The governor is basically paying Hackney and Ferguson to chitchat business leaders, or “put out fires,” as Hackney described it. So he chitchatted Rogoff on a range of topics. Chitchat is chitchat. Hackney and Rogoff were, as they say in the PR business, “developing a relationship.” There are obvious reasons for them to do this.

Rogoff has been publicly connected  to discussions about the state budget since last fall. Nobody seemed concerned about her involvement then. The Alaska Republican Party has made a bit of a fuss of late, suggesting her association by marriage to the founder of The Carlyle Group might indeed pose a conflict of interest, given Carlyle is involved in helping to manage the permanent fund.

But the bigger problem would seem to center on how much weight is given Rogoff’s advice. Her business track record — “Alaska House” in New York, the Alaska Native Arts Foundation, Alaska Dispatch, and now the Alaska Dispatch News — is not good; all of these entities lost money.  She worried about it when I worked with her.

The Carlyle Group is another matter. It was founded by Rubenstein, Rogoff’s husband. He is a legitimate American success story and now one of the richest men in the country. His company appears to have done a commendable job in helping to manage the state investment fund many now want to tap for state operating revenue. Some might see a conflict of interest in Rogoff offering advice that could have something to do with a fund her husband’s business is paid to help manage. But it’s not like the Rubensteins are tight. She lives in Alaska. He lives on the East Coast. They are only rarely together.

All indications are that she is way, way more interested in what goes on in far-off Alaska than he. Rogoff is legitimately in love with rural parts of the state and with rural Alaskans; of this one core Rogoff belief I am confident. I spent a lot of time talking to her about this over the course of five years or so.

A helping soul

If I had to guess at her role behind the scenes, and one can only guess at what happens there, I’d suspect Rogoff is trying her best to protect the interests of rural Alaska at a time when there is likely to be a fight over almost every dollar the state spends. And rural Alaska needs the help.

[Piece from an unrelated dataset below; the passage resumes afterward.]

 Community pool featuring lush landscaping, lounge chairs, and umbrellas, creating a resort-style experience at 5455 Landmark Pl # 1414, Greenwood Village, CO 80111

Overall, the state spreads a lot more cash in urban areas than rural areas, but on a per capita basis, the spending tilts toward remote locations where schools, health care, aid to families with dependent children, energy assistance and everything else is expensive.

I am confident that in her heart Rogoff believes that the best way to ensure enough money continues flowing toward rural Alaska to keep people alive is to maneuver toward that end behind the scenes. And Walker, who came to power with a promise of transparency, seems to have bought into the idea that government done in secret is the most efficient government.

No can argue against the efficiency of governing in secret, but it is politically dangerous in a democracy. It risks fueling a public revolt that could topple any effort to reshape state government into an economically sustainable entity.

I have no doubt that there have been some “pretty fiery conversations,” as Hackney describes them, in some of the governor’s private meetings between the interests on either side of the tax-and-spending divide. But they have happened in private.

Packaging everything up afterward and announcing a plan leaves the public unaware of what went on in those fiery meetings and worse — far worse — suspicious of what compromises were made. A suspicious electorate is not going to help things.

Alaska is $3.5 billion in the red. It needs a majority of those who believe in the state to honestly and openly work together to solve the state’s big economic problem. Alaskans need to form a solid team. A solid team can only be built around trust. Sadly, the behavior of those who want to do things down in the rabbit warren where no one can see them undermines trust.